*EXERCISE:* Where a line below holds the string "Hotel", that line goes into the answer.

╭──

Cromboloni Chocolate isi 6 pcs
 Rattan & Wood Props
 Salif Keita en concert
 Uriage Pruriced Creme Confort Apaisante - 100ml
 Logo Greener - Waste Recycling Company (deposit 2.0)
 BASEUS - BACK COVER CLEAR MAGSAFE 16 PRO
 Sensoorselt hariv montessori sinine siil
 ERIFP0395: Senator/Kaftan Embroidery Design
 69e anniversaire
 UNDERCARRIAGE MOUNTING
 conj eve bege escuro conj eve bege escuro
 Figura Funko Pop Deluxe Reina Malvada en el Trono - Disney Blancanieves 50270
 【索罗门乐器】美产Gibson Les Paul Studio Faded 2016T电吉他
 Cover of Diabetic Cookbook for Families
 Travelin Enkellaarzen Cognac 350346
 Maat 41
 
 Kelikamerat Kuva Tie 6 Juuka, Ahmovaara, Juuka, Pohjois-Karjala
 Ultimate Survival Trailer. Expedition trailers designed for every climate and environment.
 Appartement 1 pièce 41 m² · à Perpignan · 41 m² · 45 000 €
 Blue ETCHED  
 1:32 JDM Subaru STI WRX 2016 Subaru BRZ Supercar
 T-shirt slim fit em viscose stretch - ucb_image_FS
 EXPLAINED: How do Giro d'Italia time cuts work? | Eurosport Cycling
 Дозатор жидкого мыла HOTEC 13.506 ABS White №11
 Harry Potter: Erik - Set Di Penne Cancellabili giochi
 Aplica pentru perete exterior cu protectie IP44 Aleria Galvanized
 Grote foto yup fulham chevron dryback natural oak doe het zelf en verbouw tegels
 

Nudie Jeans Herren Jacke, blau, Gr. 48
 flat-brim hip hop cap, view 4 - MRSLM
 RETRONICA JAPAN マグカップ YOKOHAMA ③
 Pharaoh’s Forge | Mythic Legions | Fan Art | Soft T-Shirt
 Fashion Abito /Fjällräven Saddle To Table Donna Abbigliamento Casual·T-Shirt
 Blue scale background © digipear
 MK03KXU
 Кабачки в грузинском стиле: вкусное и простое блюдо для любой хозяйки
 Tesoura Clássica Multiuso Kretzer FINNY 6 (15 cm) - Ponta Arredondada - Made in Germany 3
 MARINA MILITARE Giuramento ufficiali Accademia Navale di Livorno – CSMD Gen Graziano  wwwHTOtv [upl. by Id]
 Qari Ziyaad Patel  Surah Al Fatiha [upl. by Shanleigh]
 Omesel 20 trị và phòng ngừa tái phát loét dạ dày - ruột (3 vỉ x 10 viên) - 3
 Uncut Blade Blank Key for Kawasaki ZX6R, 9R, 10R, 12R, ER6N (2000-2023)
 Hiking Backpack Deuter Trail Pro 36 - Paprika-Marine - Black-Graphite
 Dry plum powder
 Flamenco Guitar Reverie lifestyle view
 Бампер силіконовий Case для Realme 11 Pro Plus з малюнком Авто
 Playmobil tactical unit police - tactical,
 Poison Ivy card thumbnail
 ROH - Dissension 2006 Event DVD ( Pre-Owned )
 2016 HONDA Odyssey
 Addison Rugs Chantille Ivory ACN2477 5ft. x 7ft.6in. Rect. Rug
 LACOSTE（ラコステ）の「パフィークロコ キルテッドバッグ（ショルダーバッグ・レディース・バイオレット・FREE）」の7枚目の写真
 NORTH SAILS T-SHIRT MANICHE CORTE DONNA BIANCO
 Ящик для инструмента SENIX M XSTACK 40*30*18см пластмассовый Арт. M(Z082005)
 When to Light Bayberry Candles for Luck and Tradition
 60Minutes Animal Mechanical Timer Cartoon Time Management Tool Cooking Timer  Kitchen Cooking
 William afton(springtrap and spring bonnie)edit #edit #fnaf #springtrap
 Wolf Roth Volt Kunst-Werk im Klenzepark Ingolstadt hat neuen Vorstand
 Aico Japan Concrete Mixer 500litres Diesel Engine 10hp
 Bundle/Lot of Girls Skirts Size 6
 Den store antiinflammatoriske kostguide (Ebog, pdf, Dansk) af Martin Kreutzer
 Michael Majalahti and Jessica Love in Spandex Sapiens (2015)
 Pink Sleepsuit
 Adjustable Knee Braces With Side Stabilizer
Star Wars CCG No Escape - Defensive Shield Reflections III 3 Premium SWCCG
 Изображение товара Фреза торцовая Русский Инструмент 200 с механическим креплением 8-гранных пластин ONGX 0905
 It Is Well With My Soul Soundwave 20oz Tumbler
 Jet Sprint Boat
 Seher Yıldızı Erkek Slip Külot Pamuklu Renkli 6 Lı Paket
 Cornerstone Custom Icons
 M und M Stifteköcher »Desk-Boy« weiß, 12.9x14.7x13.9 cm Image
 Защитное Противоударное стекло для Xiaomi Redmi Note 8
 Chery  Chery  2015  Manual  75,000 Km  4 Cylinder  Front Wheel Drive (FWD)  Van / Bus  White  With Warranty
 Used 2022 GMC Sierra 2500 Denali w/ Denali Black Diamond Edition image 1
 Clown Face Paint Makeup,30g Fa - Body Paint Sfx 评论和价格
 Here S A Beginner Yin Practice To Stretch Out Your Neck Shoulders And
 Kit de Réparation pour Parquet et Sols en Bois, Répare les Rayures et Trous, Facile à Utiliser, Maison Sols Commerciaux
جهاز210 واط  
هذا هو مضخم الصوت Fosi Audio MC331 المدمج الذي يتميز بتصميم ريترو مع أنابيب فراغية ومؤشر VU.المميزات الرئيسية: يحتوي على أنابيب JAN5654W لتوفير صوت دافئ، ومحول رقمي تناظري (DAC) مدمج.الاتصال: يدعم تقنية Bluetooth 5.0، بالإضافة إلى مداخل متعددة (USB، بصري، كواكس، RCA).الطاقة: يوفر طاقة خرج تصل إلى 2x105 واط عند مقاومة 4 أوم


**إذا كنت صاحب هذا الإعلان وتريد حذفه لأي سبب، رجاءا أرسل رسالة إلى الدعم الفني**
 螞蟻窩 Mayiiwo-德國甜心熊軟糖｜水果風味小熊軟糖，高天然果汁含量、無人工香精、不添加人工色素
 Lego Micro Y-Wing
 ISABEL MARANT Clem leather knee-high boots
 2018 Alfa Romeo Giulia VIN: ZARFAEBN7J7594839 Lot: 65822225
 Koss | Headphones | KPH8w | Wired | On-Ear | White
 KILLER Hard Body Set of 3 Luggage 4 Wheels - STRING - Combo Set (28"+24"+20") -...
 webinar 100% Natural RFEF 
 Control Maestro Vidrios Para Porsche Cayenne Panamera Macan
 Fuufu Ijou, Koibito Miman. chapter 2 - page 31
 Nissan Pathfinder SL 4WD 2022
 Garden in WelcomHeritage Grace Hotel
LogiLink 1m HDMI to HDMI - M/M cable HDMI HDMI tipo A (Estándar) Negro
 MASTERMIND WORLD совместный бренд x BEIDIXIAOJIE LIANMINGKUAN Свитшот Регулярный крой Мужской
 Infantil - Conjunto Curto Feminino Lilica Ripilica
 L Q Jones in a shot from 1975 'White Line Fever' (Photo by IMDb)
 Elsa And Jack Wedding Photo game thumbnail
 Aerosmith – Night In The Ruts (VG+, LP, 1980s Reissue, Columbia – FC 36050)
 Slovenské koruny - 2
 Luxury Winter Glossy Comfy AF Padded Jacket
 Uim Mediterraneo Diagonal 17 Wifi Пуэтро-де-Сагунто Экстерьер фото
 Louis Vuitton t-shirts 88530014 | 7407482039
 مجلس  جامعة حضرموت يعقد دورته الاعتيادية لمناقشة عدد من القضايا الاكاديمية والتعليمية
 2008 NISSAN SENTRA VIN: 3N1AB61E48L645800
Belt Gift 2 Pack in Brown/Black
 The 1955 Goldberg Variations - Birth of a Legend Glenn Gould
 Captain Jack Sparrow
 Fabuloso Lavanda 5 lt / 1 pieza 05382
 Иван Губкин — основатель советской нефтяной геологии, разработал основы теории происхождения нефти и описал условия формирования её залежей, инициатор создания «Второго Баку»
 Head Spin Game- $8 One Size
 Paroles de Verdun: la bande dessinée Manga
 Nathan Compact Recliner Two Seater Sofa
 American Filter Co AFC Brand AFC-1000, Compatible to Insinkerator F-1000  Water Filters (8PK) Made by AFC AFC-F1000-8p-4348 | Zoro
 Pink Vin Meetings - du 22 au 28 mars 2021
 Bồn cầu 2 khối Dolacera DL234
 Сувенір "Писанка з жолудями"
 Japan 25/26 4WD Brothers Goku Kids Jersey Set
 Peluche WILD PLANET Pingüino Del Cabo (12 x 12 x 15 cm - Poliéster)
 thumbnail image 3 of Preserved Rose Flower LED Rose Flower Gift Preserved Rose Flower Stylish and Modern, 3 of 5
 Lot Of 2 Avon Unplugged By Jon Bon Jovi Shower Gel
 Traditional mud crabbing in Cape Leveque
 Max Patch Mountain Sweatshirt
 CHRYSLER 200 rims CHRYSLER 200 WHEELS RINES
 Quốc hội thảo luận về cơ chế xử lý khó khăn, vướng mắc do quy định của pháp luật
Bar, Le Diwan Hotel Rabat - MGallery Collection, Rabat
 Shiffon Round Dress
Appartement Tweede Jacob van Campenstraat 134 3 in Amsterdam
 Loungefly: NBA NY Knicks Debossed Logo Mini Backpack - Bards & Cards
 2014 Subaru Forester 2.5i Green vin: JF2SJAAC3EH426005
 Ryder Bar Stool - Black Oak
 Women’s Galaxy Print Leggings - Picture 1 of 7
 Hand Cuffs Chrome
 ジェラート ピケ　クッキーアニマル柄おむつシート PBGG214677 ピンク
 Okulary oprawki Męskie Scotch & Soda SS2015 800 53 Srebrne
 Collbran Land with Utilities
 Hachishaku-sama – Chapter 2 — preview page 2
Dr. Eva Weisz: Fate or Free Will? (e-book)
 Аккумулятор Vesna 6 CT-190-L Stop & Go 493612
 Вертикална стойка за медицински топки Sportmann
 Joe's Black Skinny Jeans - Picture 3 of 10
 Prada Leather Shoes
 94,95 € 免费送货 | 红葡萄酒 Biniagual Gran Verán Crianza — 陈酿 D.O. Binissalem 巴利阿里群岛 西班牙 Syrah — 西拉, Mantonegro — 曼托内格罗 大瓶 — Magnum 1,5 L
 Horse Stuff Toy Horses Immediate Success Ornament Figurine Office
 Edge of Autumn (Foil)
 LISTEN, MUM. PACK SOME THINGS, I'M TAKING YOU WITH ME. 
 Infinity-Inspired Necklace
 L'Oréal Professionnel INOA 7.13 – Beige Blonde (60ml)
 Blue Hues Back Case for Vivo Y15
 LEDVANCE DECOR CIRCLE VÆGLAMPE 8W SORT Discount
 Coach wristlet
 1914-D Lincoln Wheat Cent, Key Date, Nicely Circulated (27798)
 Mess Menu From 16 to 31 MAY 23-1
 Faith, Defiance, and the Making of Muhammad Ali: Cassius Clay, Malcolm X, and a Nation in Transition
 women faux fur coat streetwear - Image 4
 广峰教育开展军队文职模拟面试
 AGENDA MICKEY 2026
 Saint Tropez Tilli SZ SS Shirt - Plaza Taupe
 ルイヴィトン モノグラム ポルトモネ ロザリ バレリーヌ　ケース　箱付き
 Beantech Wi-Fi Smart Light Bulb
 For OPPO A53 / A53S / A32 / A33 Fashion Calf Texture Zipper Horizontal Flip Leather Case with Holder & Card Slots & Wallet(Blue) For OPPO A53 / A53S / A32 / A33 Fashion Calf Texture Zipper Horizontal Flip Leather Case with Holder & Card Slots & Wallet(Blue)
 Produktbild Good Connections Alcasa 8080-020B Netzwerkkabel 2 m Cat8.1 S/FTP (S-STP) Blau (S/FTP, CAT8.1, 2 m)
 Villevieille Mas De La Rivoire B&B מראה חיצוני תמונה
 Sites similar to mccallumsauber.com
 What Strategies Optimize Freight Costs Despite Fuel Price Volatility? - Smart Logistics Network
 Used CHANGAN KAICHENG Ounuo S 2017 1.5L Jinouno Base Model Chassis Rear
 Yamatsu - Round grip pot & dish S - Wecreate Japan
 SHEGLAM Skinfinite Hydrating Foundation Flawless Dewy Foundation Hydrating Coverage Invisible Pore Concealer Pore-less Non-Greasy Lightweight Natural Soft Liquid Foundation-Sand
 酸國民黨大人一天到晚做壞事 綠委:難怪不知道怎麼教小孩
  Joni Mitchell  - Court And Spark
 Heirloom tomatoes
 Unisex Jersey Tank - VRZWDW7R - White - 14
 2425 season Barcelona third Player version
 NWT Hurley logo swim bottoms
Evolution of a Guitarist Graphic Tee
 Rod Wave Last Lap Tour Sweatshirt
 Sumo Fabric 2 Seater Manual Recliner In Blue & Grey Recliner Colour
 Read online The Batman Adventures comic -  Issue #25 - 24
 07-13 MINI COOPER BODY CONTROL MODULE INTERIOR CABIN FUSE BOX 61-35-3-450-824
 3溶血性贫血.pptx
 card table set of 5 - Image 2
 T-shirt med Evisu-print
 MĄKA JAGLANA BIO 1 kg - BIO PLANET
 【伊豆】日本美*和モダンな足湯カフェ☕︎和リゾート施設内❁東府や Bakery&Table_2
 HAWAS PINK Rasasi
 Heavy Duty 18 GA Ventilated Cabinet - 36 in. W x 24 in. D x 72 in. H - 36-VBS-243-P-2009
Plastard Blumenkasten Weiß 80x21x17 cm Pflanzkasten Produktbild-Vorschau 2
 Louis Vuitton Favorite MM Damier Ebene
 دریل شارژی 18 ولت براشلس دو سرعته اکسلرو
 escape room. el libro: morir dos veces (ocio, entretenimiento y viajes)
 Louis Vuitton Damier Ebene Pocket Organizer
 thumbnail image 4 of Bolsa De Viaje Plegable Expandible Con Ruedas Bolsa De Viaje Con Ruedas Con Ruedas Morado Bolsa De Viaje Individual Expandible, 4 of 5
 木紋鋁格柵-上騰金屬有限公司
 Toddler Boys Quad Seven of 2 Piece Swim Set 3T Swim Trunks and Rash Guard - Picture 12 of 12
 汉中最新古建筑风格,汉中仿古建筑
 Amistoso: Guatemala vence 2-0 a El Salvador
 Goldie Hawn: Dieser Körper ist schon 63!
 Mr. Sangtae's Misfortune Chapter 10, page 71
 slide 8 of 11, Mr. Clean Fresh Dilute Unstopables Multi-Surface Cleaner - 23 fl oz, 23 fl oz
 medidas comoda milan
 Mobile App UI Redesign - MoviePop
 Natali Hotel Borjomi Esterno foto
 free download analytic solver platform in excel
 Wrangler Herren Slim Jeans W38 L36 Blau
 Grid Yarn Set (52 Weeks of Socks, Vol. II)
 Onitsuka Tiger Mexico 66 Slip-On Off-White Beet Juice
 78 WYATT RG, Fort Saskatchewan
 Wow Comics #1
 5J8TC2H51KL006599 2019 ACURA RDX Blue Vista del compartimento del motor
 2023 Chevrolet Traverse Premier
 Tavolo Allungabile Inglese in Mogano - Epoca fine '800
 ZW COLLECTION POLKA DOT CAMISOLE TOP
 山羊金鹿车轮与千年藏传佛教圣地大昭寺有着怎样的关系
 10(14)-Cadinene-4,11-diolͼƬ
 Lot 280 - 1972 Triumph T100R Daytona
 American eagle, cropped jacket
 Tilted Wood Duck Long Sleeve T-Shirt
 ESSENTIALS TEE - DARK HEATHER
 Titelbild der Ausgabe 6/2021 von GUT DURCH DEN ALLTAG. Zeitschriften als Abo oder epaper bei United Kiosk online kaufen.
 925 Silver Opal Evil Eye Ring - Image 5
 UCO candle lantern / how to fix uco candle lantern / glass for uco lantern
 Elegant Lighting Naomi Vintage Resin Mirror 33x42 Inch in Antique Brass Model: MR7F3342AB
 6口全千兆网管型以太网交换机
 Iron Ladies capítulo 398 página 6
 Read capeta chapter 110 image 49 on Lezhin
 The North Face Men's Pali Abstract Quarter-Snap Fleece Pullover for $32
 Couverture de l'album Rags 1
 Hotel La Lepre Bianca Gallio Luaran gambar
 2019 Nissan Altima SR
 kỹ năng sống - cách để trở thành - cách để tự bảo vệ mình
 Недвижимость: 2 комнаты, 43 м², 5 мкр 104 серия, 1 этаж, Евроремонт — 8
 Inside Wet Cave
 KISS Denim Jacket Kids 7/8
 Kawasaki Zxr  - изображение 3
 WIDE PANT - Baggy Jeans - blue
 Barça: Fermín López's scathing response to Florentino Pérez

╰──

*OUTPUT:*
 Garden in WelcomHeritage Grace Hotel
Bar, Le Diwan Hotel Rabat - MGallery Collection, Rabat
 Natali Hotel Borjomi Esterno foto
 Hotel La Lepre Bianca Gallio Luaran gambar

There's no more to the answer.